### DATA SECTION

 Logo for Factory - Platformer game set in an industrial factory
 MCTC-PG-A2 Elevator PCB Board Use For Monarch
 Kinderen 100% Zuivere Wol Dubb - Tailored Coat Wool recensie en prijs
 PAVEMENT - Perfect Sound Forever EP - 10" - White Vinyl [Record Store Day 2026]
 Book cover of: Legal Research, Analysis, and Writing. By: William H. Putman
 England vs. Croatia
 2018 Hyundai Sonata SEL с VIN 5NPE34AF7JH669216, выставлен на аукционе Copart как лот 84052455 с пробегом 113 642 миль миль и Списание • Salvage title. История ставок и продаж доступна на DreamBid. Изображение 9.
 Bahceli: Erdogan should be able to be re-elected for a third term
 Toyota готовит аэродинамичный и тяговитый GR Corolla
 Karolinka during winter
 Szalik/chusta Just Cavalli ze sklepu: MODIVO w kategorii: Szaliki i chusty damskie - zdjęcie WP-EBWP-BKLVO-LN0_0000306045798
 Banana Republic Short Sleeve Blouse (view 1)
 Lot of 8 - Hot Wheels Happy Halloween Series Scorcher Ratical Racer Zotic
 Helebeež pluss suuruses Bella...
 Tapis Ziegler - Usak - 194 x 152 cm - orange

######

# WHAT TO DO:
Exact copies of the line containing "Kinderen 100% Zuivere" and of every line after it through the end of the entries are all that should be output.

# TASK SOLUTION:
 Kinderen 100% Zuivere Wol Dubb - Tailored Coat Wool recensie en prijs
 PAVEMENT - Perfect Sound Forever EP - 10" - White Vinyl [Record Store Day 2026]
 Book cover of: Legal Research, Analysis, and Writing. By: William H. Putman
 England vs. Croatia
 2018 Hyundai Sonata SEL с VIN 5NPE34AF7JH669216, выставлен на аукционе Copart как лот 84052455 с пробегом 113 642 миль миль и Списание • Salvage title. История ставок и продаж доступна на DreamBid. Изображение 9.
 Bahceli: Erdogan should be able to be re-elected for a third term
 Toyota готовит аэродинамичный и тяговитый GR Corolla
 Karolinka during winter
 Szalik/chusta Just Cavalli ze sklepu: MODIVO w kategorii: Szaliki i chusty damskie - zdjęcie WP-EBWP-BKLVO-LN0_0000306045798
 Banana Republic Short Sleeve Blouse (view 1)
 Lot of 8 - Hot Wheels Happy Halloween Series Scorcher Ratical Racer Zotic
 Helebeež pluss suuruses Bella...
 Tapis Ziegler - Usak - 194 x 152 cm - orange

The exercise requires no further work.